_WHAT THE EXERCISE ASKS_
Print each line exactly, from the one with "WOOD Zipped Ribstop Puffer Vest" to the very last line of the listing, and keep the pictures out.
-- INFORMATION SUPPLIED follows --
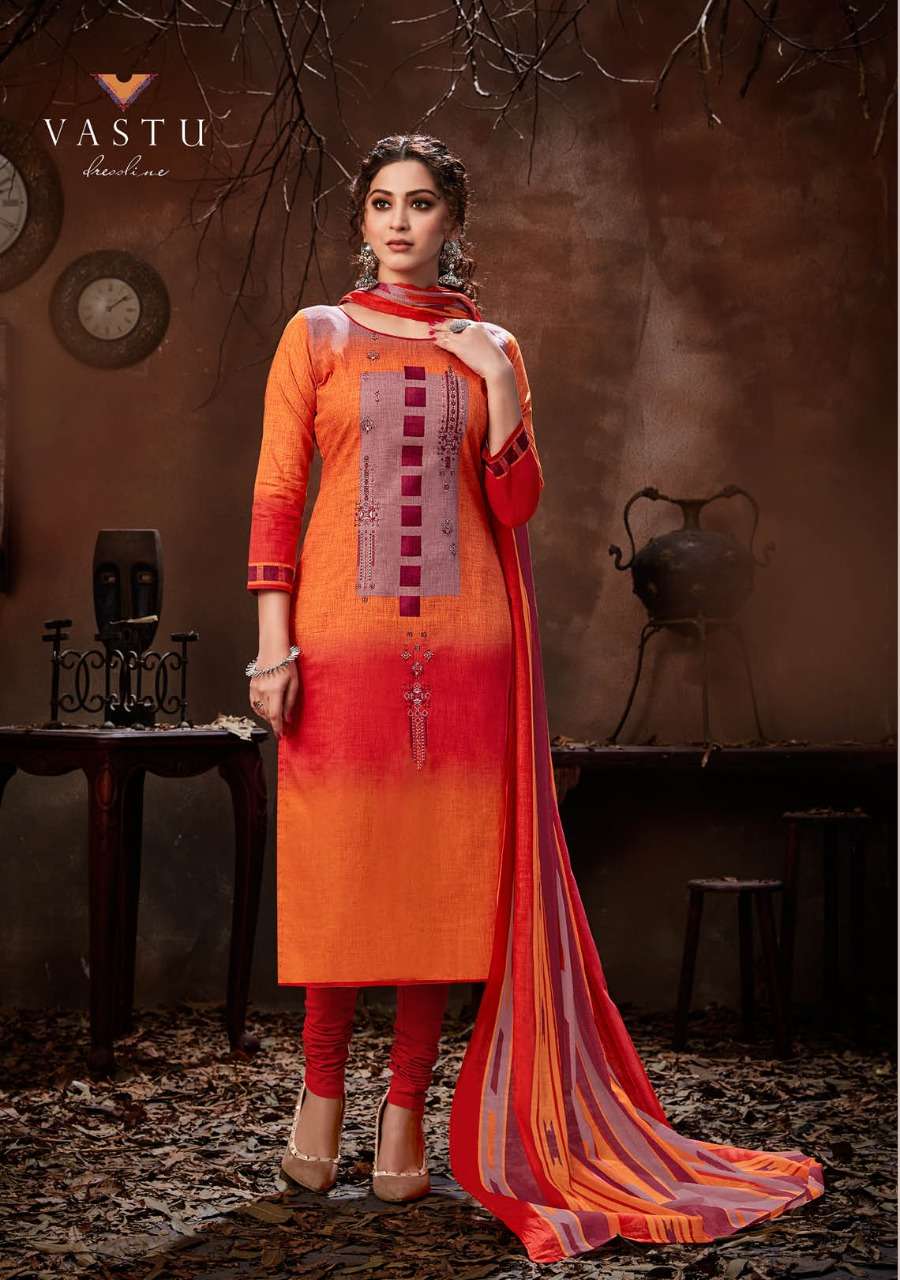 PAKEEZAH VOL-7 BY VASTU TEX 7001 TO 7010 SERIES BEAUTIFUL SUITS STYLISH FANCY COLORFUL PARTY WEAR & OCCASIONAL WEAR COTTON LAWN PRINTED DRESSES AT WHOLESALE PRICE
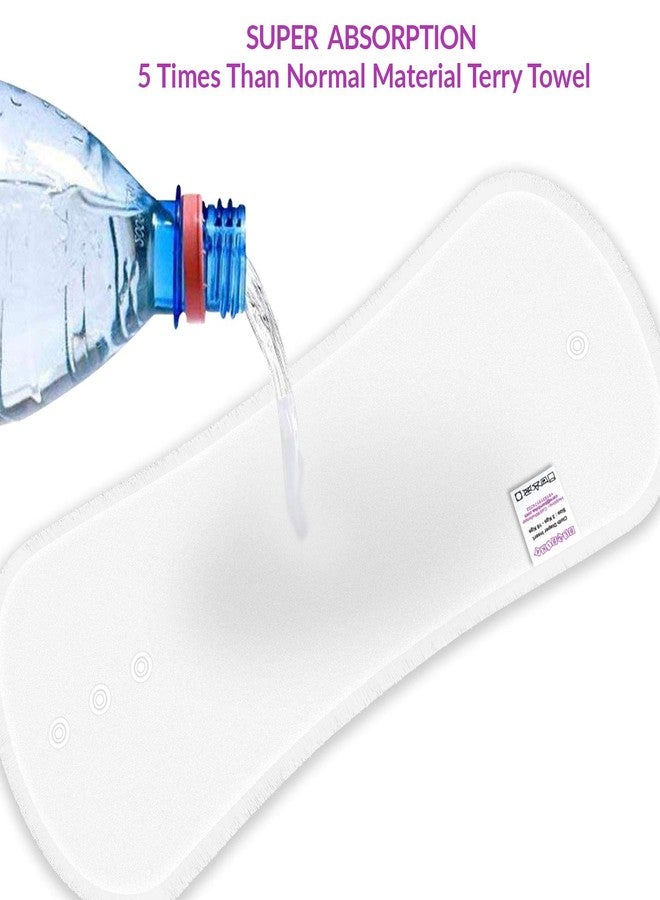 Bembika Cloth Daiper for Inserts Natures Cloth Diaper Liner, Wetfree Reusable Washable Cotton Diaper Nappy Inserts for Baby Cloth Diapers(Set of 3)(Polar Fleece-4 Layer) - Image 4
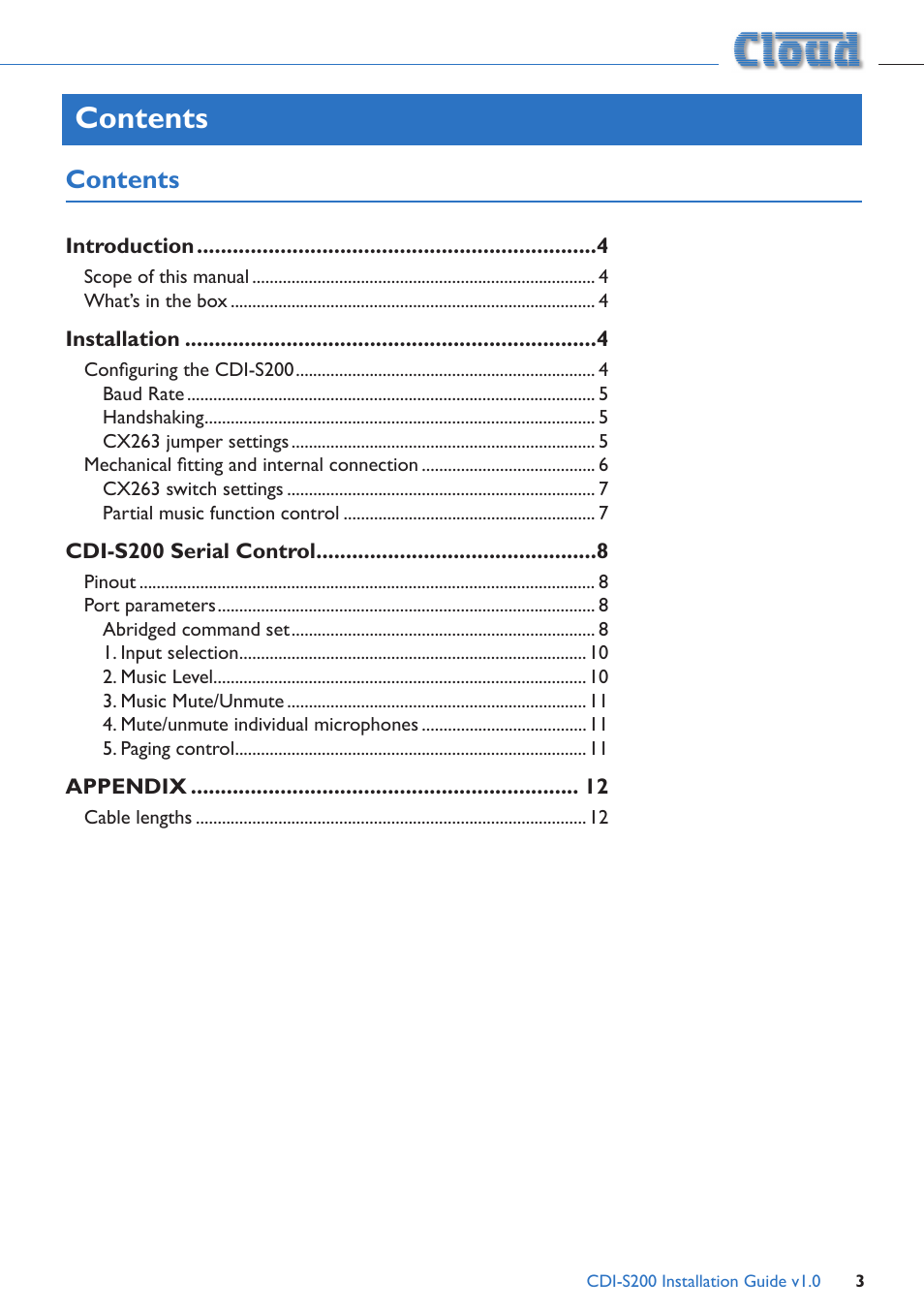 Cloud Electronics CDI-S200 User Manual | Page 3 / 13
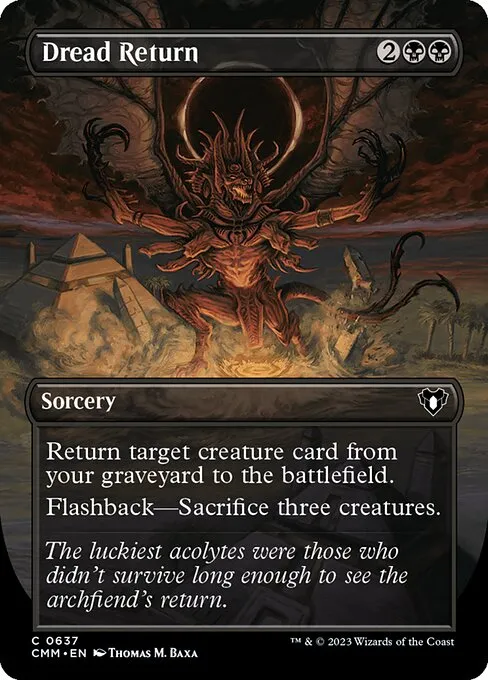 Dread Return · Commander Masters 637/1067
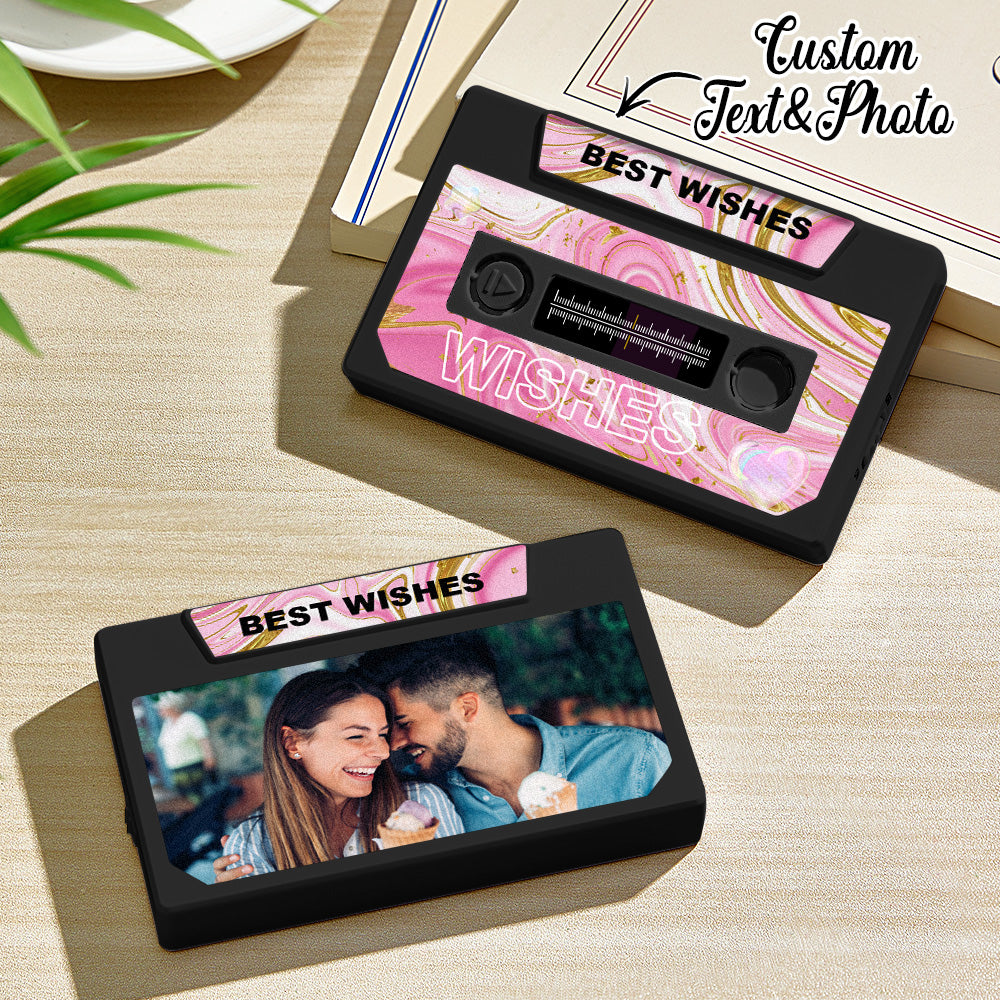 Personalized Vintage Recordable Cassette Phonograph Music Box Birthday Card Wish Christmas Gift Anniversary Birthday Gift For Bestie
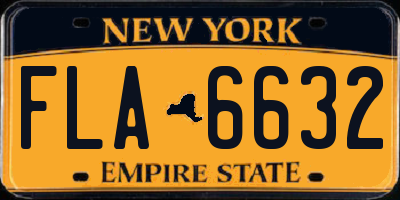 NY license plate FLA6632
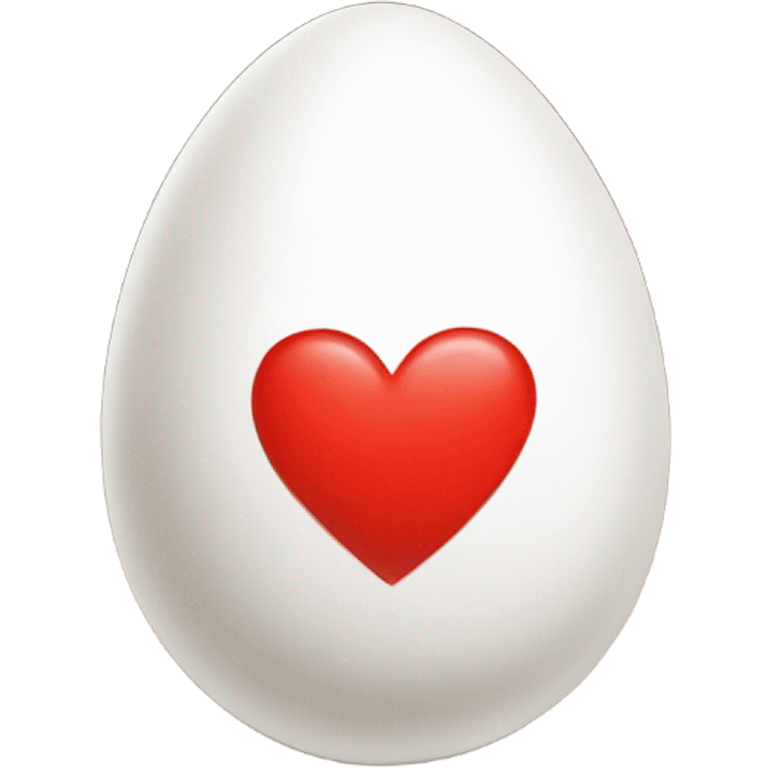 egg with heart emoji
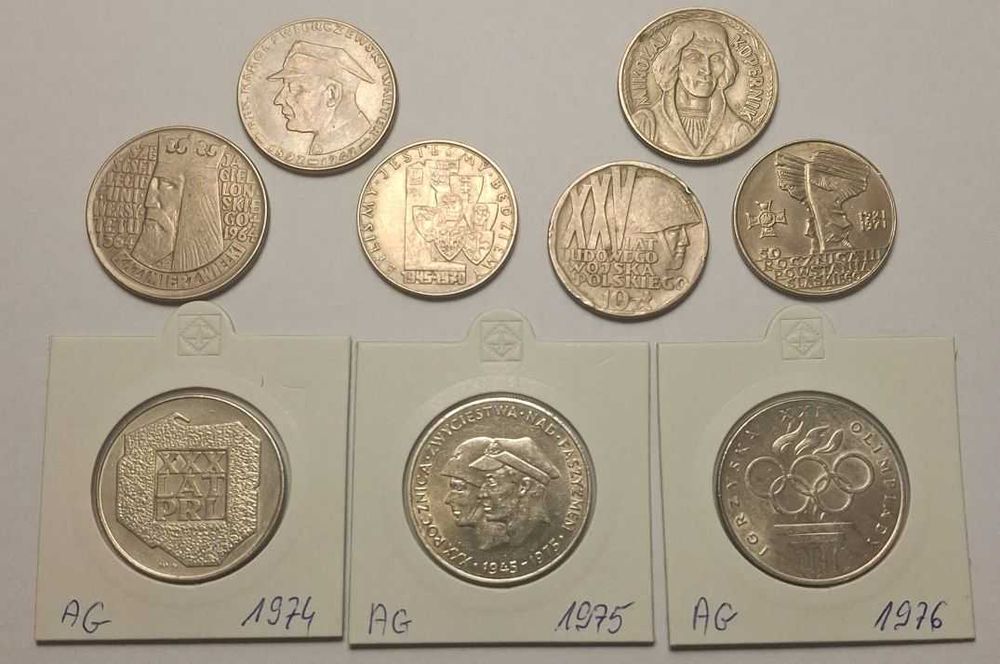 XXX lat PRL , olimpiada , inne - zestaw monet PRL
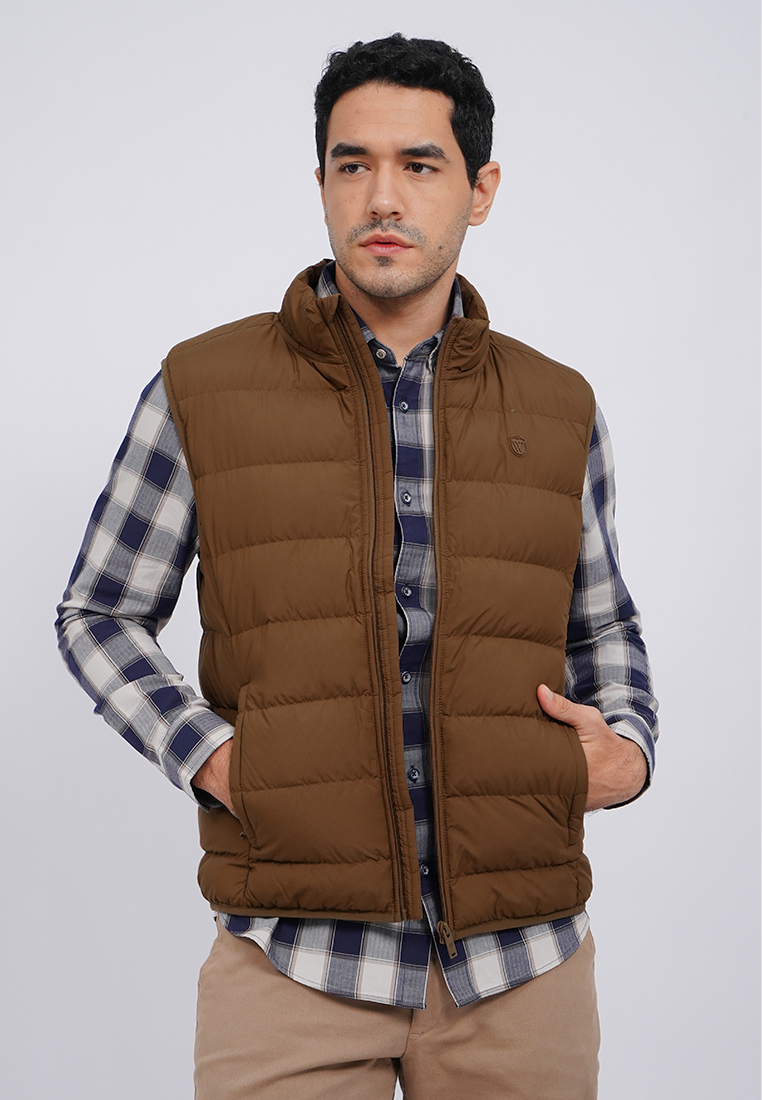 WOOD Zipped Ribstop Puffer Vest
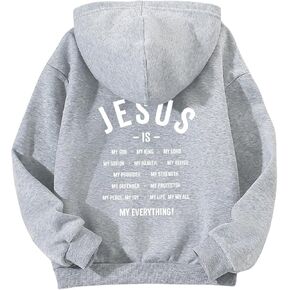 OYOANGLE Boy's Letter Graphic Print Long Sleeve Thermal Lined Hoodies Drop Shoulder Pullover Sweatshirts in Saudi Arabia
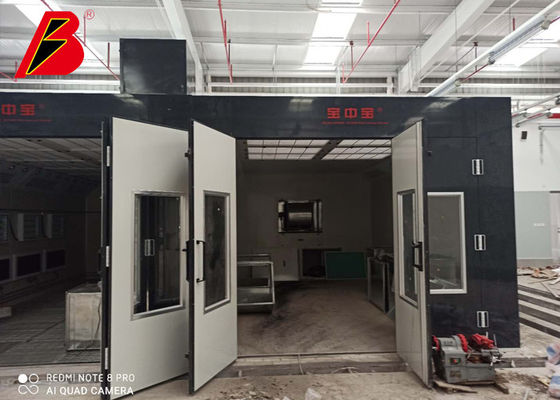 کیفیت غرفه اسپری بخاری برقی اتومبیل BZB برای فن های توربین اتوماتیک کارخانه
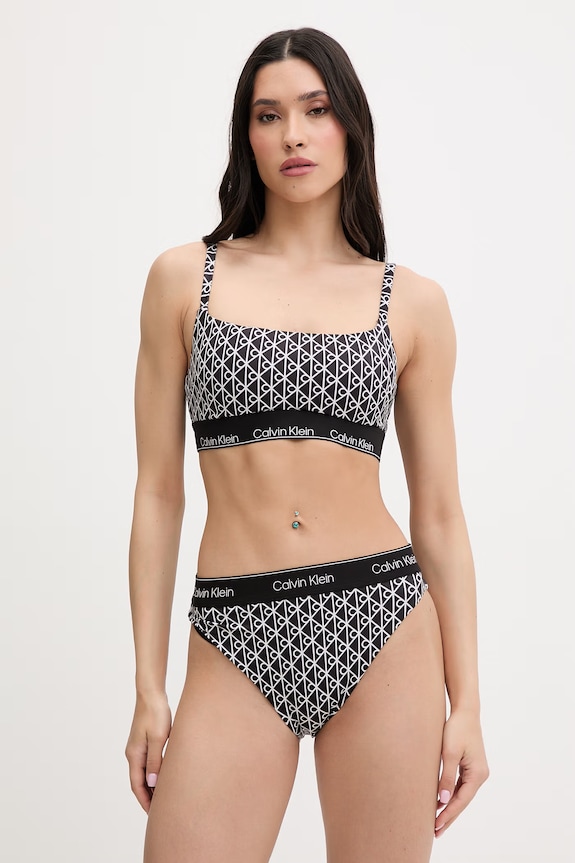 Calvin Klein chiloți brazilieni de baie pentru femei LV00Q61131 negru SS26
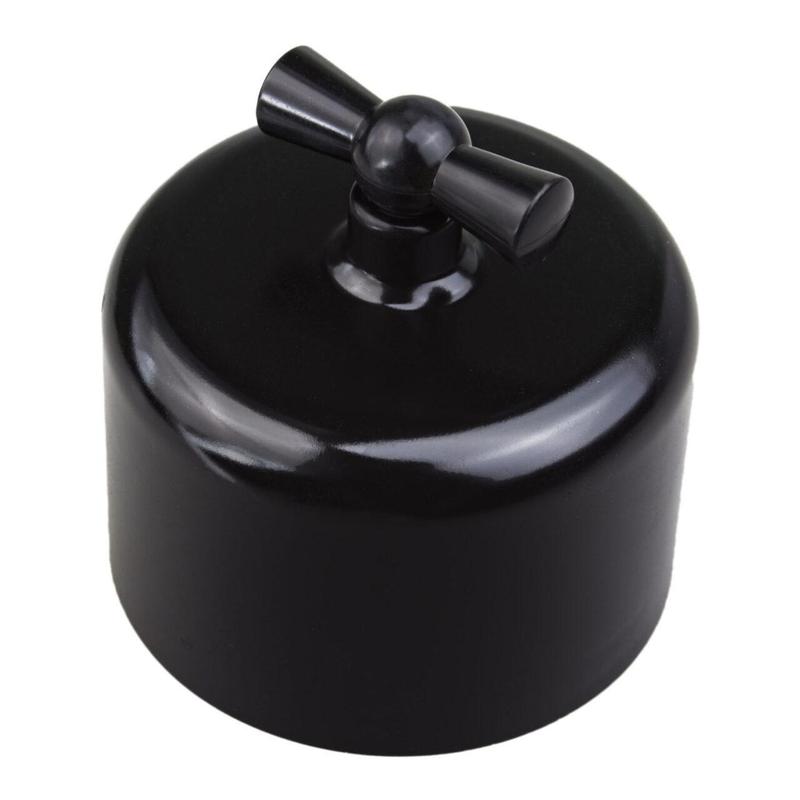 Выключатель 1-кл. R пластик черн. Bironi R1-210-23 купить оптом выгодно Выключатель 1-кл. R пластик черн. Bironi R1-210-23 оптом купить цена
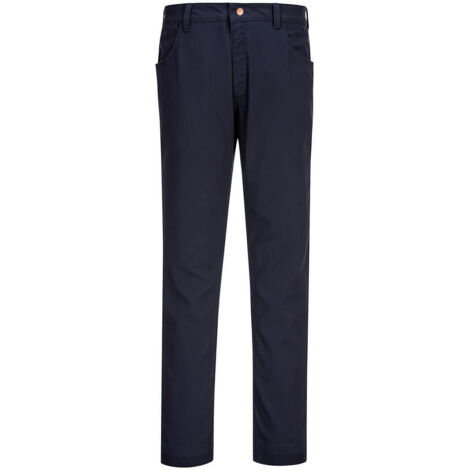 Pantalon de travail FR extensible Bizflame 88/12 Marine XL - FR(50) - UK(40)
-- INFORMATION SUPPLIED concluded --
_RESPONSE AREA_
 WOOD Zipped Ribstop Puffer Vest
 OYOANGLE Boy's Letter Graphic Print Long Sleeve Thermal Lined Hoodies Drop Shoulder Pullover Sweatshirts in Saudi Arabia
 کیفیت غرفه اسپری بخاری برقی اتومبیل BZB برای فن های توربین اتوماتیک کارخانه
 Calvin Klein chiloți brazilieni de baie pentru femei LV00Q61131 negru SS26
 Выключатель 1-кл. R пластик черн. Bironi R1-210-23 купить оптом выгодно Выключатель 1-кл. R пластик черн. Bironi R1-210-23 оптом купить цена
 Pantalon de travail FR extensible Bizflame 88/12 Marine XL - FR(50) - UK(40)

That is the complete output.